Her novel Shanghai Baby  was banned in the People's Republic of China as "decadent" and Her next novel  Marrying Buddha was censored and published in China under a modified title.
Wei Hui now works as a writer and divides her time between Shanghai and New York, where she has been regarded by international media as a spokeswoman of the new generation of Chinese young women. She has presented her work in a large number of Western publications, including The New York Times, The New Yorker, Time Magazine, CNN, USA Today, the BBC, The Times, The Sunday Times, the Economist, Stern, Welt am Sonntag, Asahi Shimbun, NHK, Yomiuri Shimbun, Le Monde, Le Figaro and more.

The biographical information and photo used in this post are with thanks to the following websites, where you can also find more information about the author and her writing.

Goodreads Author Profile    Wei Hui - Wikipedia


  1. I like the sound of this one Lindy but don't have a big background knowledge on it. Thanks for reviewing.

    Lainy http://www.alwaysreading.net

  2. Lainy@ Are you on Bookmooch as I am considering adding this title to my books there?

  3. The cultural aspects do sound really interesting ;)

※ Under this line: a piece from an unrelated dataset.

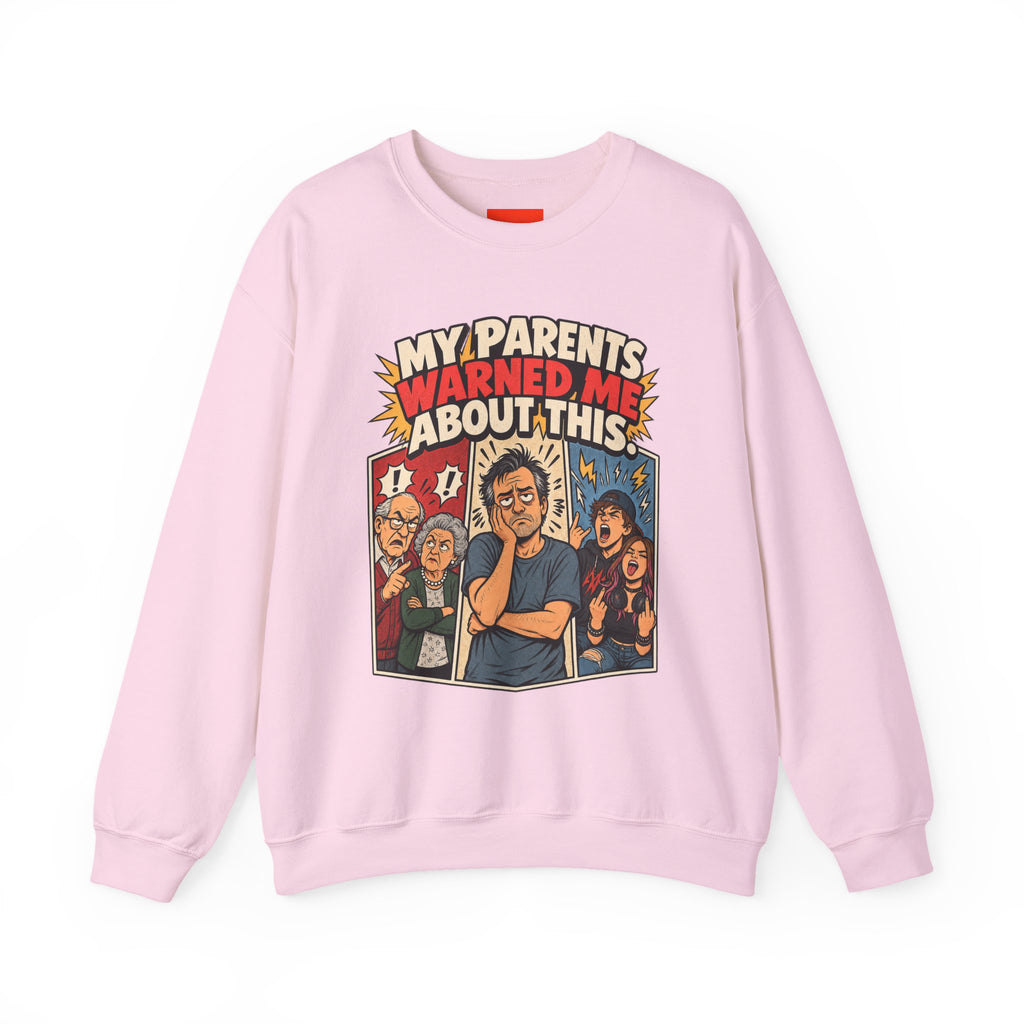 MY PARENTS WARNED ME ABOUT THIS. Funny Retro Vintage Sweatshirt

  4. Elisa@ They are which made it such a good follow up to The Favourite wife.

  5. Hi Linda,

    What a good idea to read these two books back to back, so that you can assess an almost identical situation from both sides of the fence.

    I found it interesting that you found such a difference in your opinions, when reading from the male and female side, of the same scenario.

    Was it just the style of the author's writing do you think?

    Sorry that this book failed to meet your expectations, after your enjoyment of the Tony Parsons book.


  6. Yvonne@ I thought it was a good idea and in this one the cultural aspect was interesting. It was the storyline that was lacking and I do not think it was in translation.

  7. This doesn't sound like one that I would pick up anyway, but I appreciated your review.

  8. Alyce@ Thankyou with so many books available I also find it is often helpful to read a review that reassures me title is not one I would enjoy.